(Task): With the pictures left out, print exactly the lines below that run from the one containing "2016 Hyundai Santa" through the one containing "Hydrogrossularer Granat Gelblich".

(Task input):
____

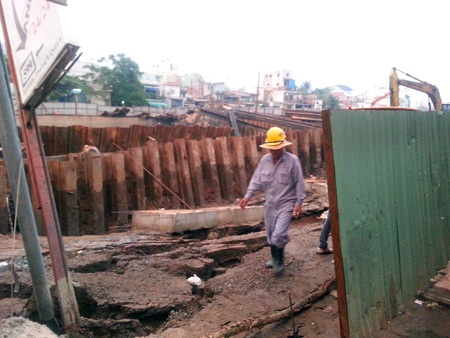 Công trình đang thi công bất ngờ sụt lún - 3 Các công nhân đang khắc phục sự cố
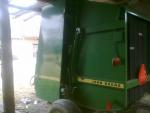 Balíkovač Jonn Deere 550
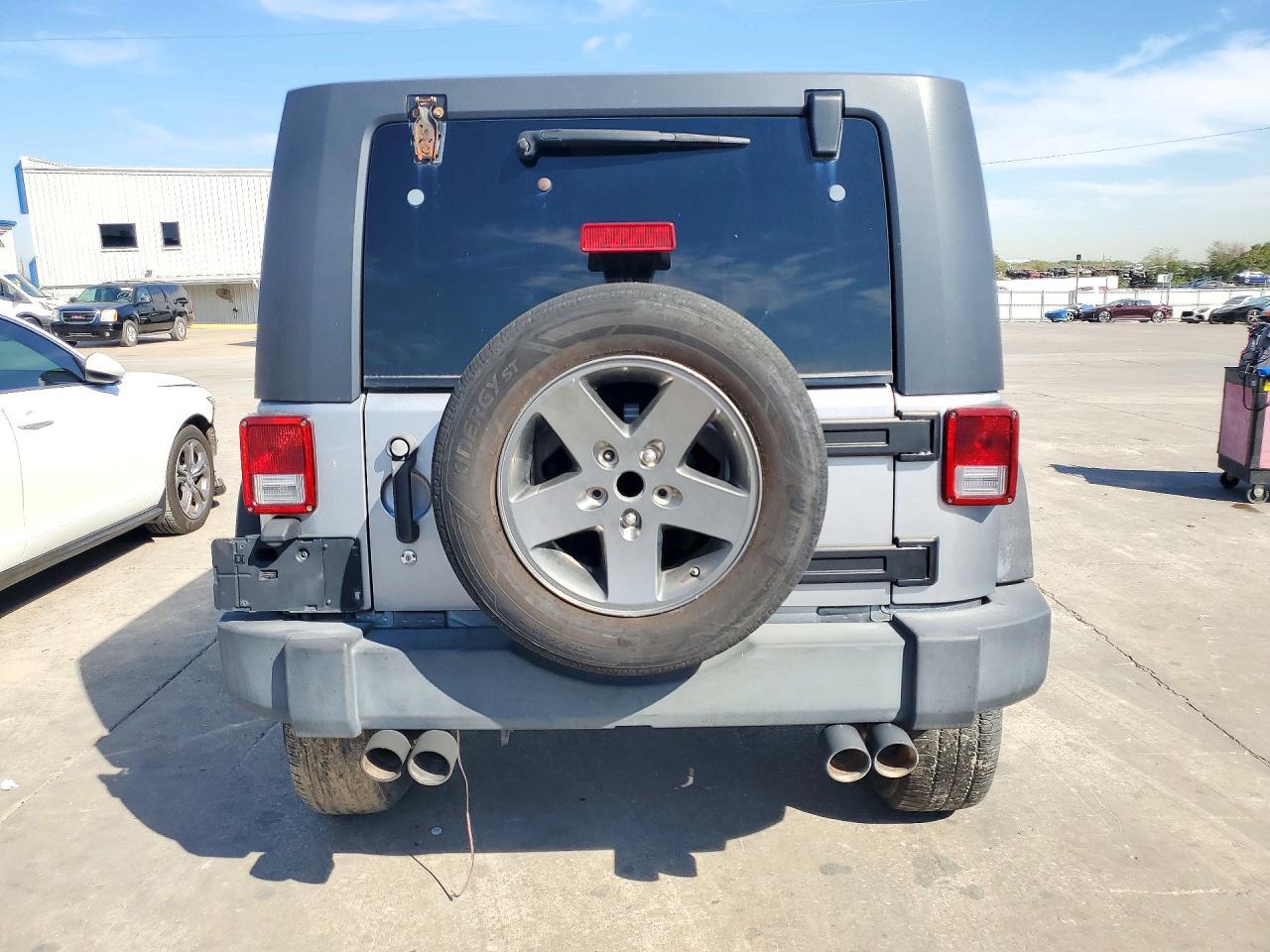 2017 Jeep Wrangler Unlimited Sport - Image 6
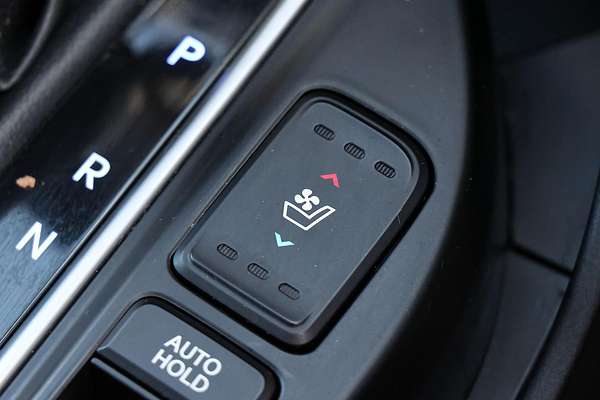 2016 Hyundai Santa Fe Highlander DM3 Series II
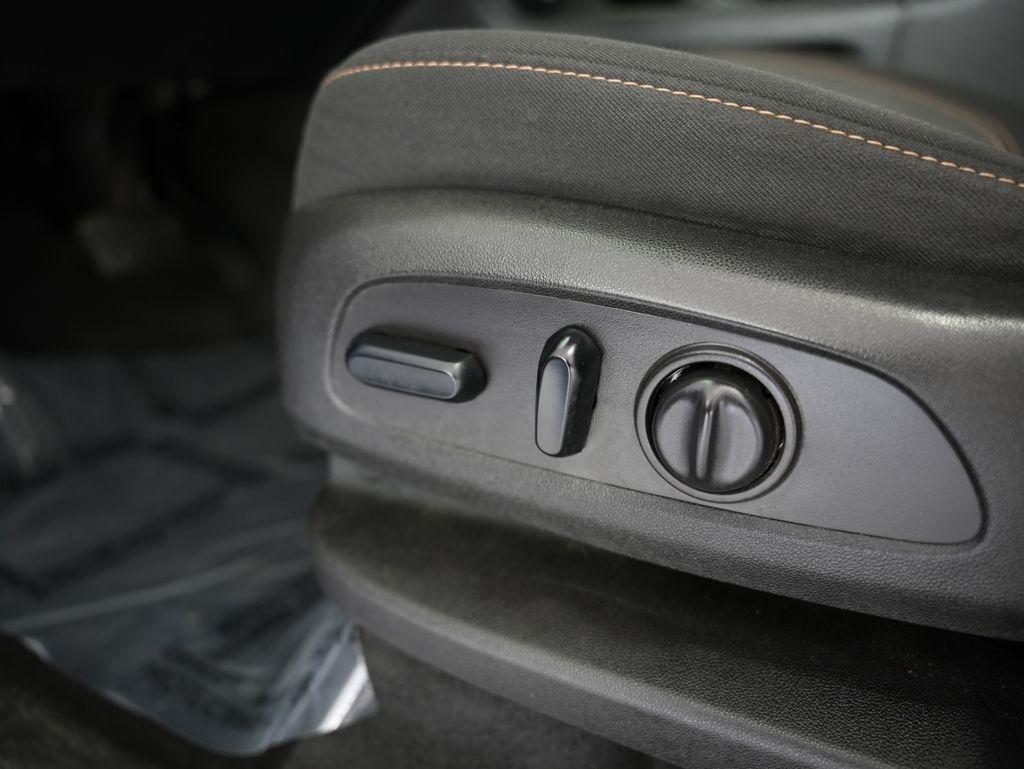 Chevrolet Traverse FWD 4dr LT Cloth w/1LT 2018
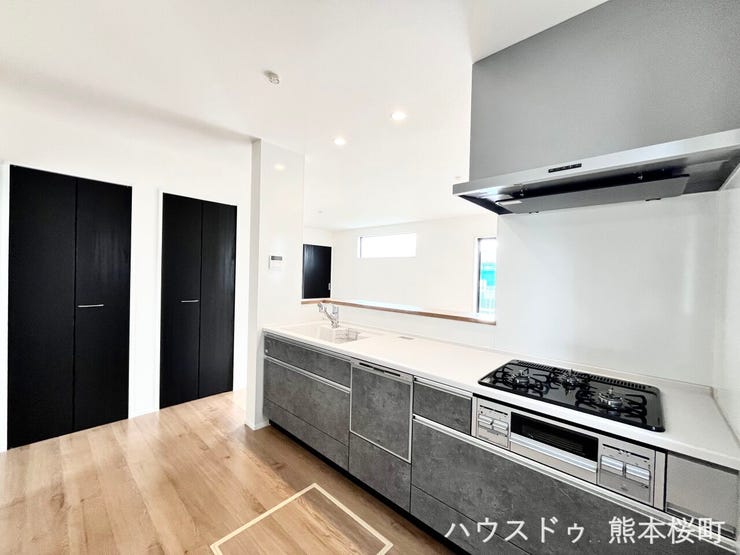 ■家族の「美味しい」が集まる舞台■高い機能性と美しいデザインを両立。料理する人も、待つ人も、笑顔になれる場所です。
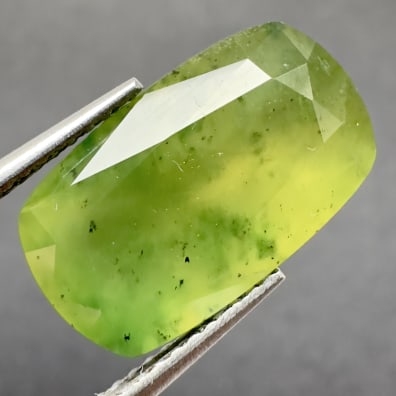 Hydrogrossularer Granat Gelblich gr&uuml;n, Kissen, Pakistan, 15 x 9 x 6 mm, 6,89 ct
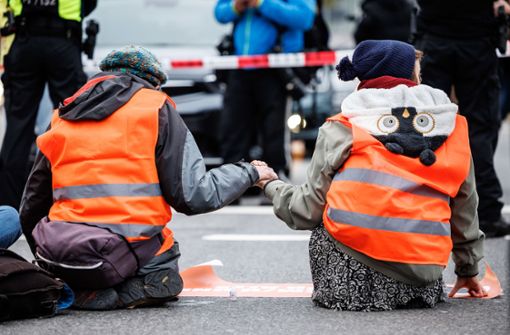 Zwei Klimaaktivisten haben sich am Münchner Stachus festgeklebt. Foto: dpa/Matthias Balk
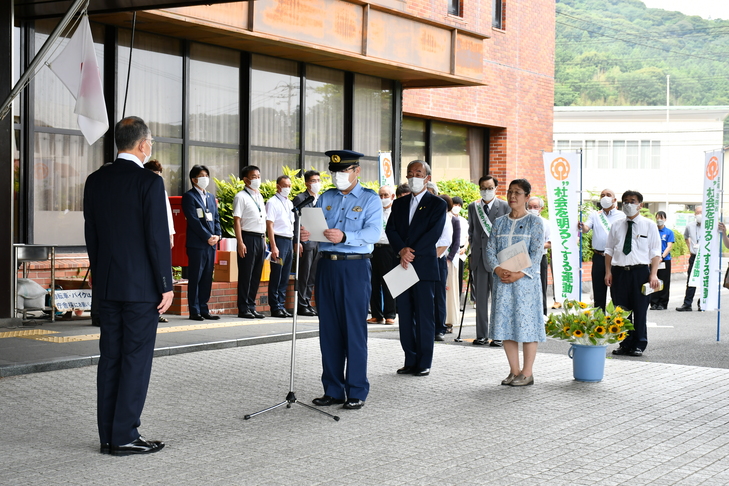 メッセージを読み上げる大田警察署長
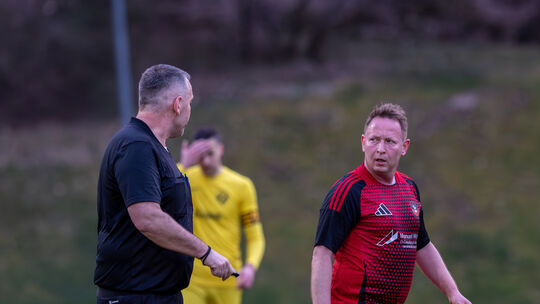 Timo Blinn (rechts) bestritt bei der 3:5-Niederlage bei der SG Unnertal sein letztes Spiel als Spielertrainer des SV Weiersbach. Timo Blinn (rechts) bestritt bei der 3:5-Niederlage bei der SG Unnertal sein letztes Spiel als Spielertrainer des SV Weiersbach.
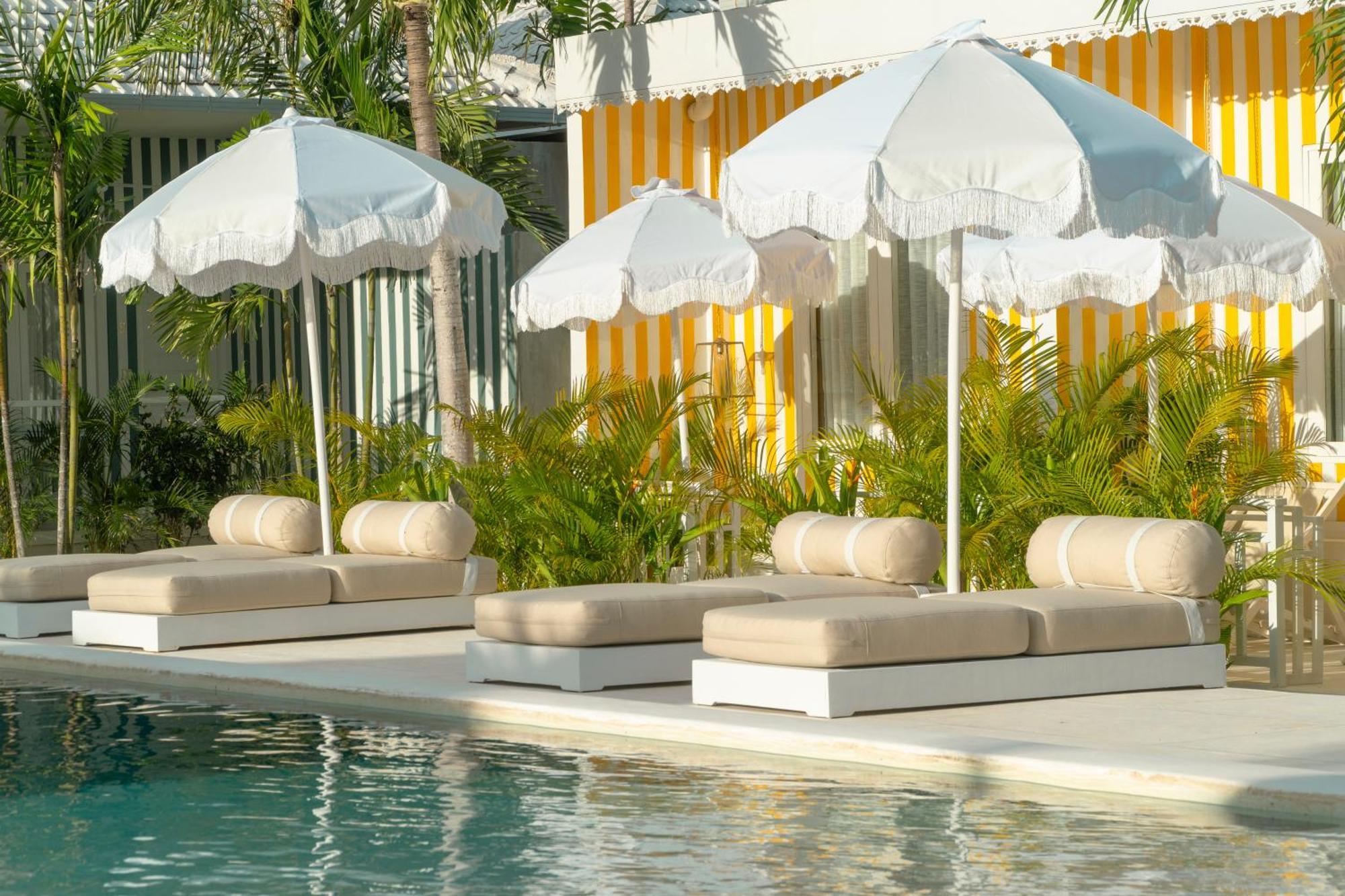 Ria Uluwatu, Tropical Chic Hotel Εξωτερικό φωτογραφία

____

(Exercise output):
 2016 Hyundai Santa Fe Highlander DM3 Series II
 Chevrolet Traverse FWD 4dr LT Cloth w/1LT 2018
 ■家族の「美味しい」が集まる舞台■高い機能性と美しいデザインを両立。料理する人も、待つ人も、笑顔になれる場所です。
 Hydrogrossularer Granat Gelblich gr&uuml;n, Kissen, Pakistan, 15 x 9 x 6 mm, 6,89 ct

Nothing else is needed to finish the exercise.